Voici donc une petite liste, non exhaustive, de structures narratives dont vous pouvez vous aider : 

  • La linéaire suit l’ordre chronologique du récit. 
  • La structure enchâssée qui repose sur l’existence d’un récit dans le récit. 
  • La répétition est constituée de la même séquence qui se répète plusieurs fois avec des variantes. L'important ici est tout de même de faire évoluer personnages et faire avancer l’histoire, avec et non pas malgré les répétitions. 
  • La structure en parallèle développe plusieurs intrigues qui se déroulent en même temps et sont montrées au lecteur de manière alternée. 
  • La fausse piste, très fréquente dans les romans policiers où  le lecteur est « abusé » par l’auteur qui l’amène à avoir une attente précise, alors que le récit l'emmène à une révélation déroutante et une fin inattendue. Elle suit l’idée de chute de la nouvelle, à l’échelle du roman. L’exercice est périlleux mais, quand il est réussi, le résultat en vaut la peine. 
  • La chronologie inversée, à l’instar de Chanson douce de Leïla Slimani, permet de construire le récit “à l’envers” en partant de l’aboutissement, de la fin, pour finir au début d’un point de vue chronologique.

Point d’attention : n’inversez pas les rôles 

Il ne s’agit pas de suivre à la lettre les étapes d’un schéma spécifique mais plutôt de s’en servir comme modèle à mobiliser à loisir pour solidifier le récit que nous tentons de faire émerger. S’inspirer sans s’enfermer donc. 

Le squelette est au service de notre récit et non l’inverse. L’histoire doit d’abord émerger puis, pour vous aider, étudier quelques schémas narratifs qui pourraient vous aider, vous guider, sans contraindre votre inspiration initiale. 

Inventez votre propre schéma narratif !

Cela peut paraître osé mais, chaque jour, des auteurs modèlent de nouveaux schémas narratifs qui, à leur tour, inspireront des générations d’auteurs en devenir. 

Balzac, Tolkien ou encore Slimani sont autant de créateurs ou d’exemples d’arc narratifs efficaces dont nous nous inspirons chaque jour. Structure de roman en miroir, format de quête ou le dénouement placé en ouverture pour saisir le lecteur : autant de possibilités à partir desquelles composer. 

Ne faites pas de la structure ou du processus votre point de départ, laissez courir votre inspiration avant d’en durcir les contours. 

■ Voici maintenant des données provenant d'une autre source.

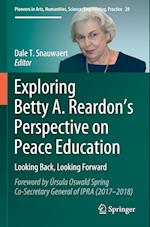 Exploring Betty A. Reardon’s Perspective on Peace Education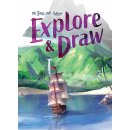 Die Insel der Katzen - Explore & Draw (DE)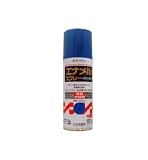 サンデーペイント エナメルスプレーEX 420mL アオ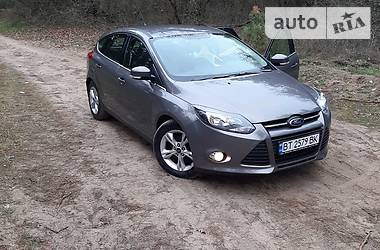 Хэтчбек Ford Focus 2013 в Великой Александровке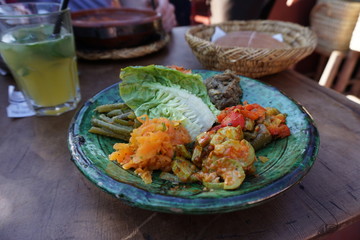 Marokko - Essen 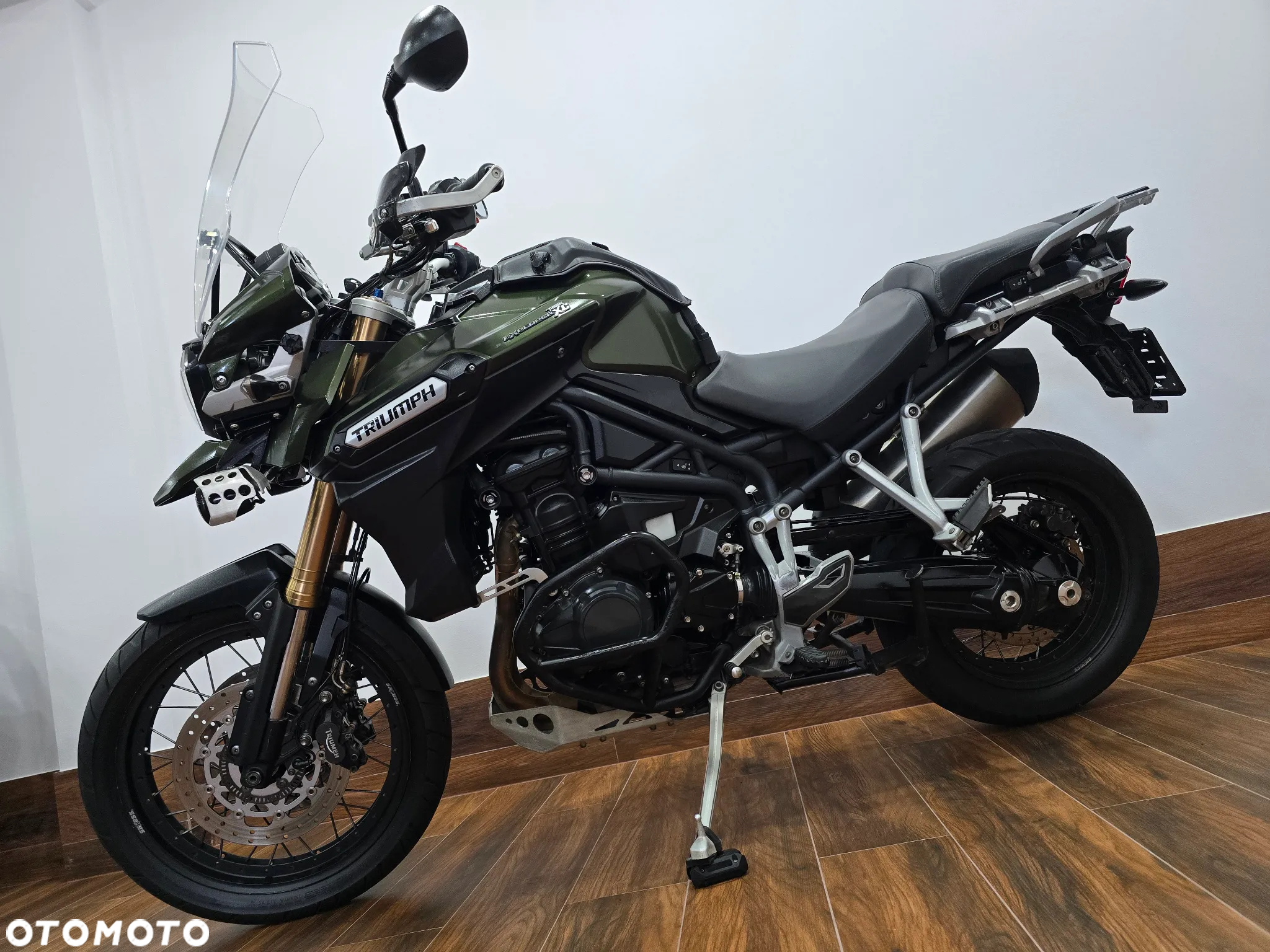 Triumph Tiger - 25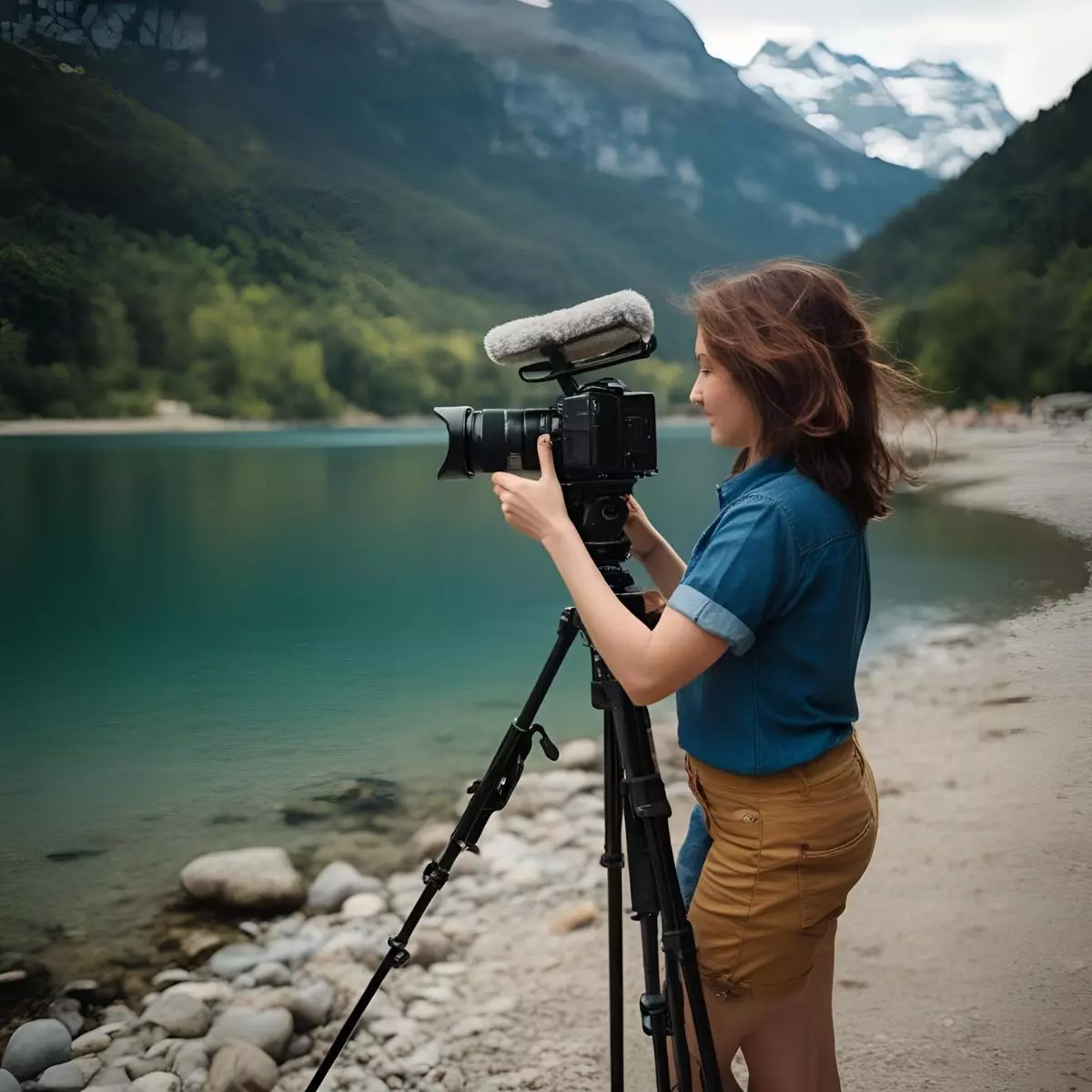 Tips Memilih Kamera yang Tepat untuk Traveling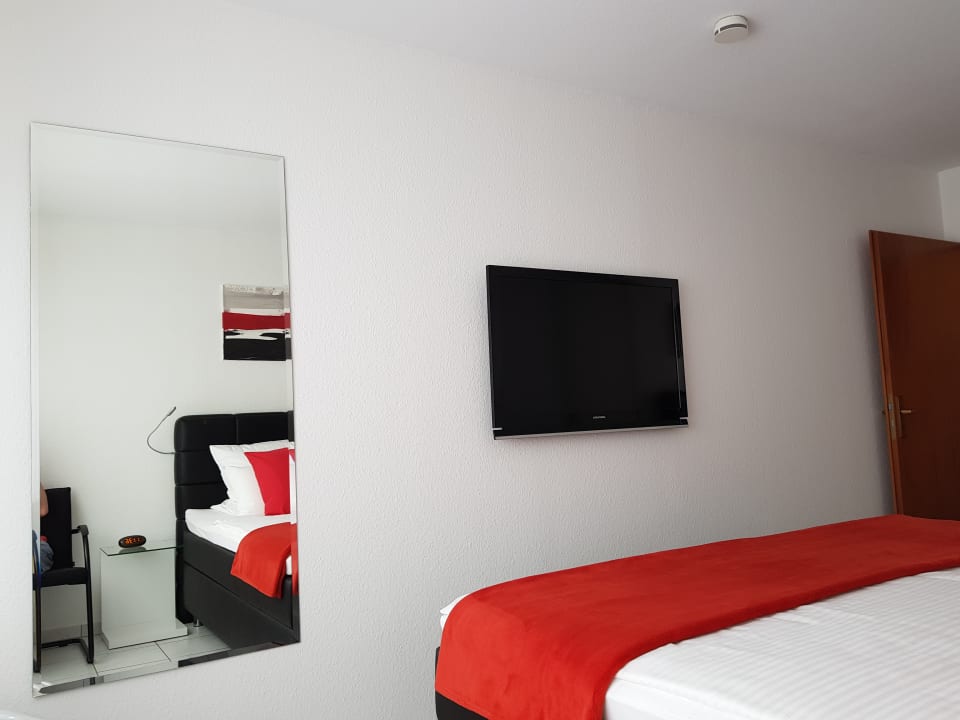 Zimmer Innovative Ferienwohnung im Kurviertel Bad Kreuznach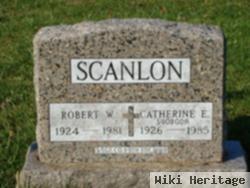 Robert W. Scanlon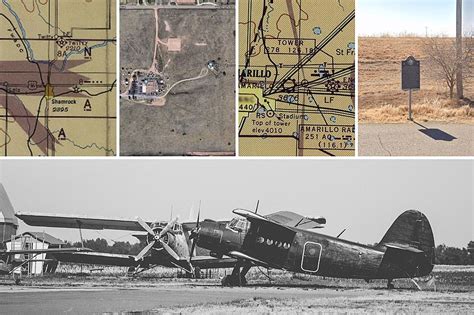 Rediscovering Hidden Treasures: Exploring Abandoned Airfields of the Past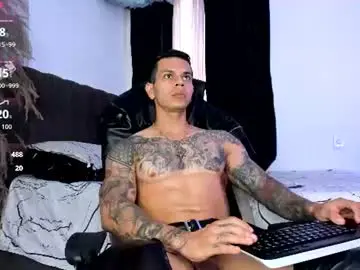 Chaturbate Best live sex cam show of arondark
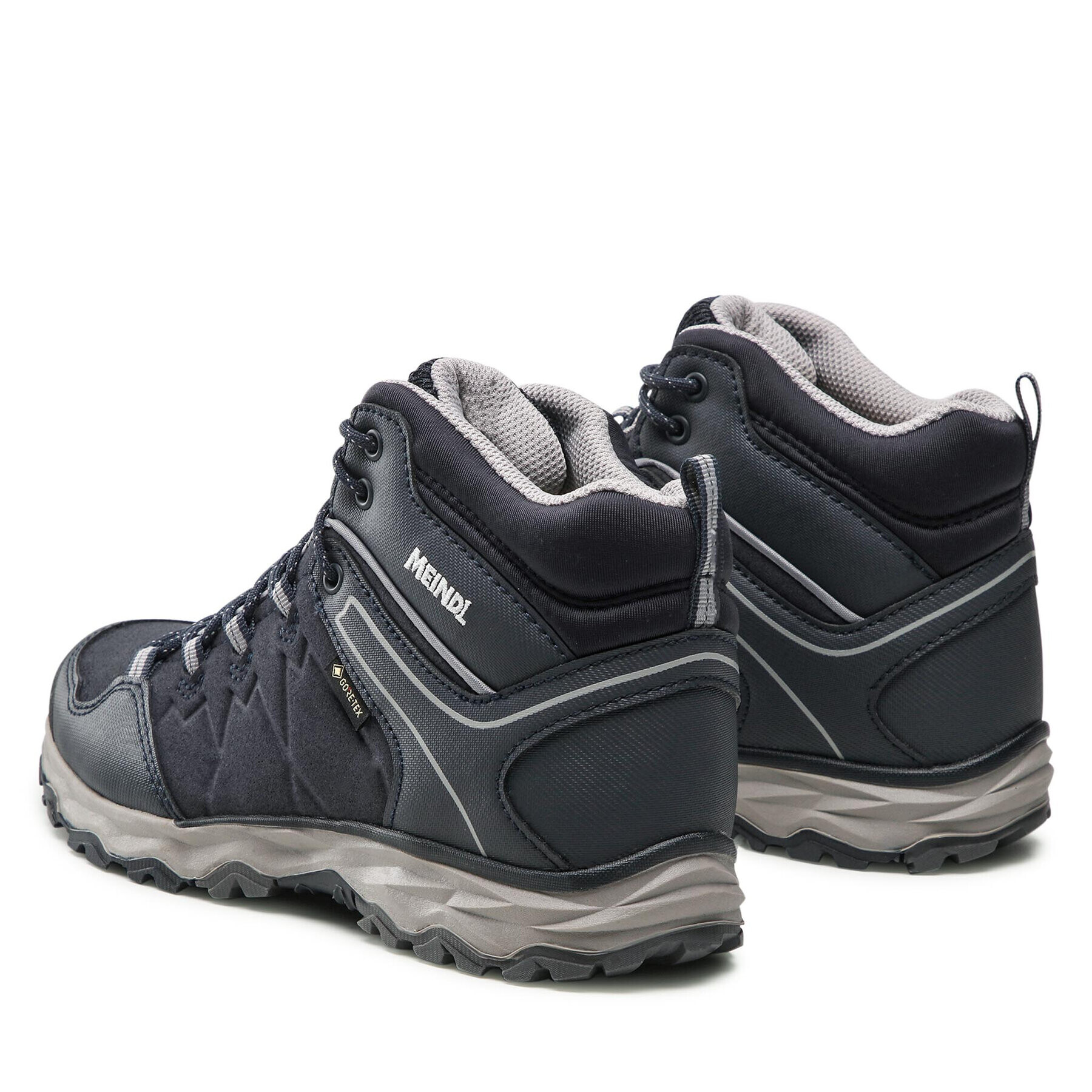 Meindl Trekingová obuv Boneto Junior Mid Gtx GORE-TEX 2122D Tmavomodrá - Pepit.cz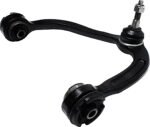 TrueDrive 8-Piece Kit Front, Driver and Passenger Side, Inner and Outer, Upper and Lower Control Arms, Includes (4) Control Arm and (4) Tie Rod End - Image 10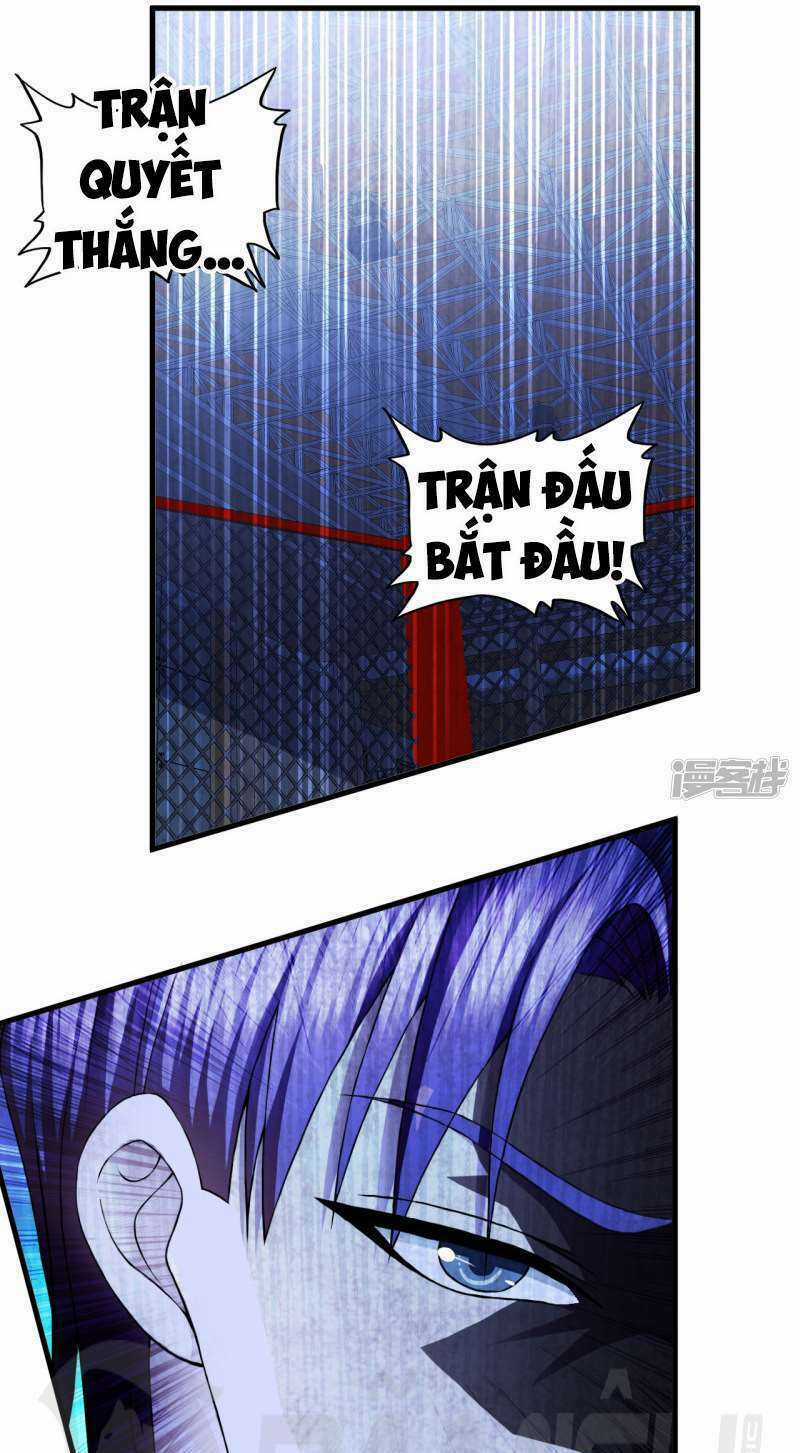 Siêu Phẩm Chiến Binh Chapter 40.1 trang 4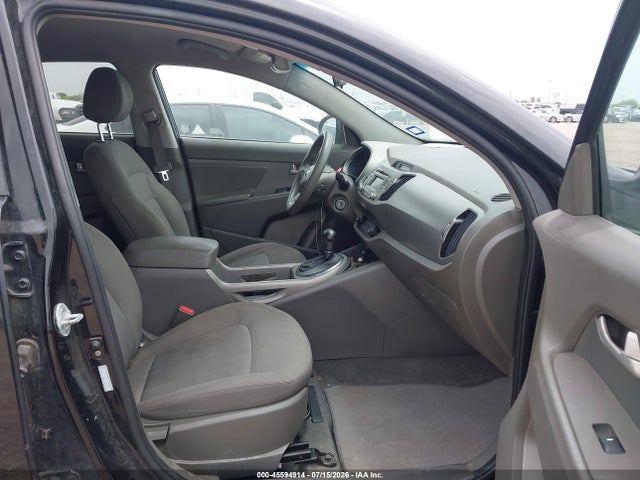 2013 Kia Sportage Lx მანქანა იყიდება აუქციონზე, vin: KNDPB3A25D7428363, აუქციონის ნომერი: 45594914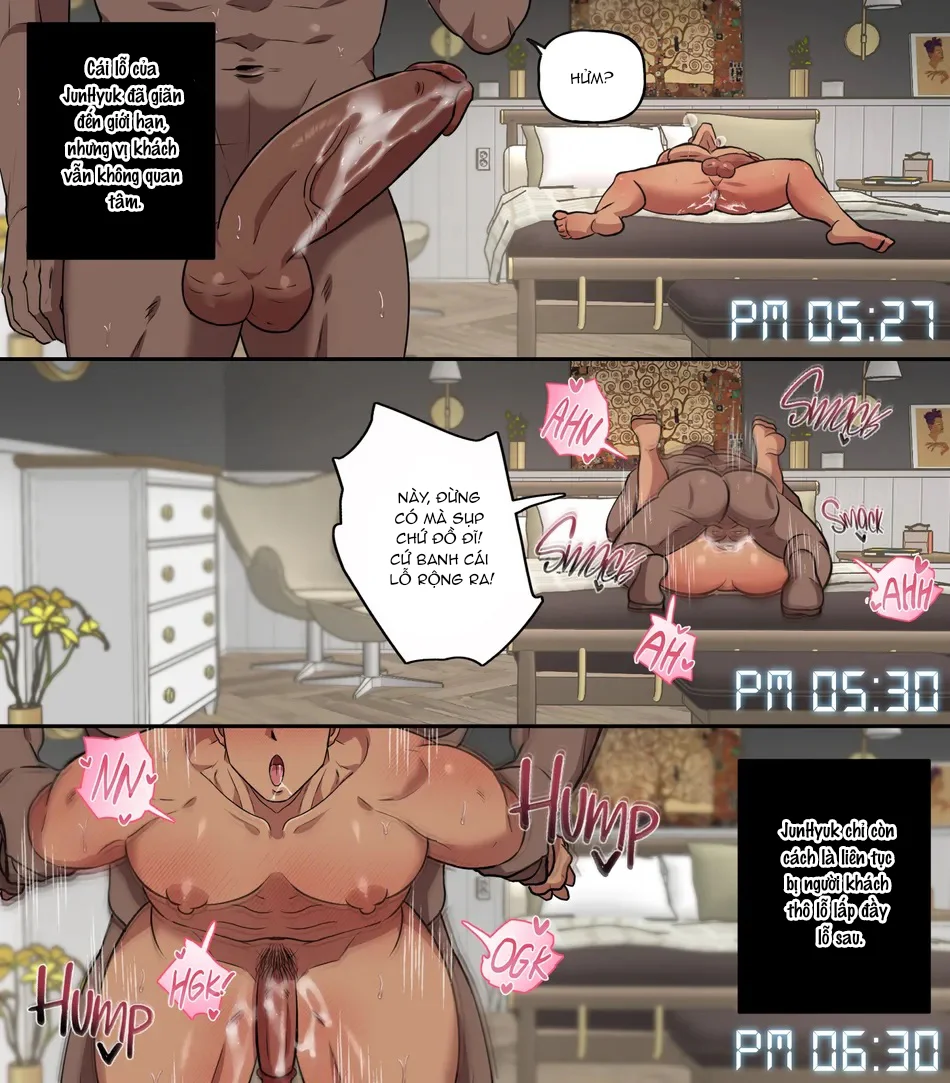 Oneshot Mặn Chát Chapter 189 - Next Chapter 190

Mon expérience d’autrice en devenir : 

A ma grande surprise, l’arc narratif de mon roman a émergé assez tardivement alors que je travaillais à la seconde version depuis près d’un an déjà et au projet dans son ensemble depuis trois ans. Oui, lorsqu’il s’agit d’écriture, je suis un diésel…

C’est lorsque la question de la fin du roman s’est posée que le besoin de renforcer sa structure est arrivé : quel terme donner à l’histoire que je racontais ? Et comment conduire à l’aboutissement que je souhaitais donner ? 

C’est en discutant avec plusieurs personnes, d’autres auteurs en devenir, Caroline Nicolas, mon éditrice, que la “bonne” structure est apparue pour Les Pavés du pardon. Et ce n’est pas l’une de celles que j’ai cité plus tôt dans l’article…

Lorsqu’il s’agit de schéma actanciel, il faut donc faire preuve de patience pour que nous apparaisse le bon format pour notre récit. Le reste devient plus fluide lorsque le squelette existe, que la charpente tient.